La denuncia específica contra Pochak sostiene que habría ocultado «30 kilos de pruebas» que favorecían la posición del Estado argentino en el litigio. Este hecho plantea un serio cuestionamiento sobre la imparcialidad y la transparencia en su rol actual dentro de la CIDH, dado su pasado como patrocinante de una de las partes involucradas en el mismo caso.
El rol de Pochak y la acusación del Gobierno
Andrea Pochak ocupa actualmente el cargo de comisionada y vicepresidenta de la CIDH, un organismo clave en la protección de los derechos humanos en el continente americano. Su trayectoria incluye una destacada labor en el CELS, una de las organizaciones de derechos humanos más influyentes de Argentina.
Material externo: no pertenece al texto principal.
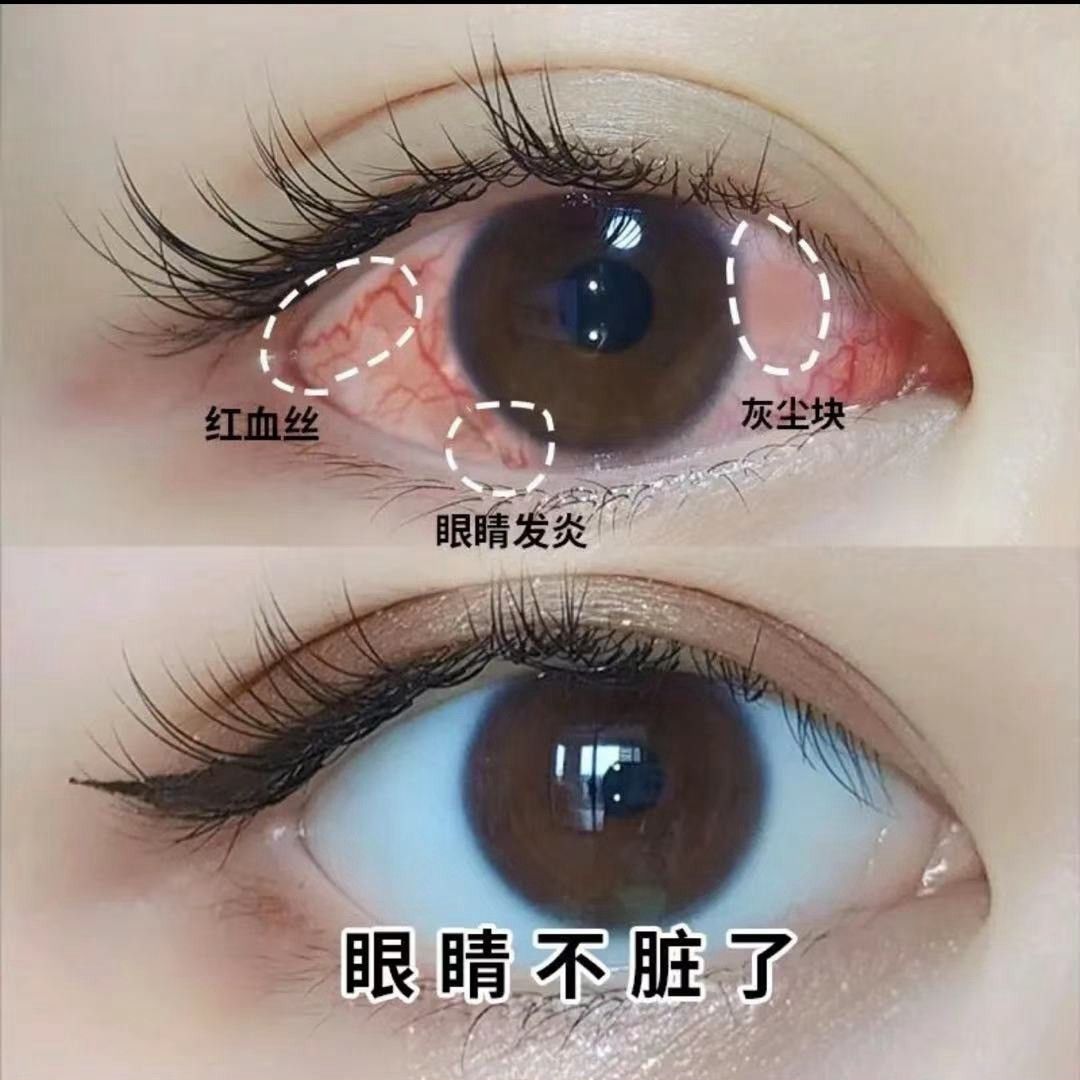 【最快一天】红血丝眼睛充血眼睛痛迎风流泪抗疲劳眼睛干涩眼药水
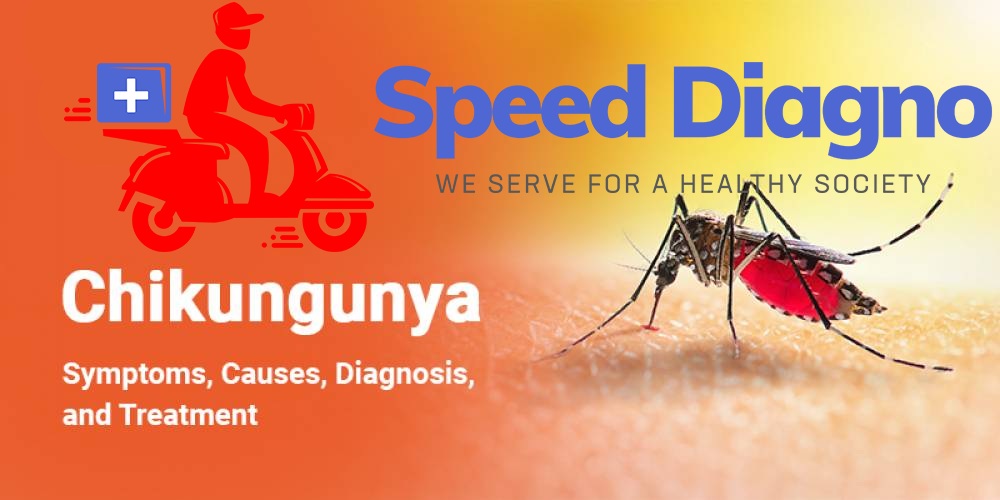 CHIKUNGUNYA ANTIBODIES IgG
Fue precisamente en el marco de su trabajo para el CELS donde patrocinó el caso de la exjueza Catella.
La denuncia presentada ante el juez Julián Ercolini apunta directamente a la dualidad de roles. Desde la perspectiva del Gobierno, la comisionada no habría actuado con la debida neutralidad al no revelar o incluso, supuestamente, ocultar evidencia relevante para la defensa del Estado, en un caso que ella misma había impulsado desde una posición de parte. Este accionar, de confirmarse, podría configurar un grave conflicto de intereses, afectando la credibilidad y el funcionamiento de la CIDH.
Implicancias para la CIDH y el Estado argentino
La situación genera una tensión significativa no solo para la figura de Andrea Pochak, sino también para la propia Comisión Interamericana de Derechos Humanos. Las denuncias por conflicto de intereses pueden erosionar la confianza pública en la independencia y objetividad de sus miembros y sus decisiones. Para el Estado argentino, la acusación implica un desafío en la relación con un organismo internacional fundamental, en un contexto donde las políticas de derechos humanos suelen ser objeto de debate y escrutinio.
La investigación judicial a cargo de Julián Ercolini determinará la veracidad de las acusaciones y las posibles responsabilidades. Mientras tanto, el episodio pone de manifiesto la complejidad de las transiciones entre roles de activismo y funciones en organismos internacionales, y la necesidad de estrictos protocolos para evitar situaciones que puedan comprometer la imparcialidad.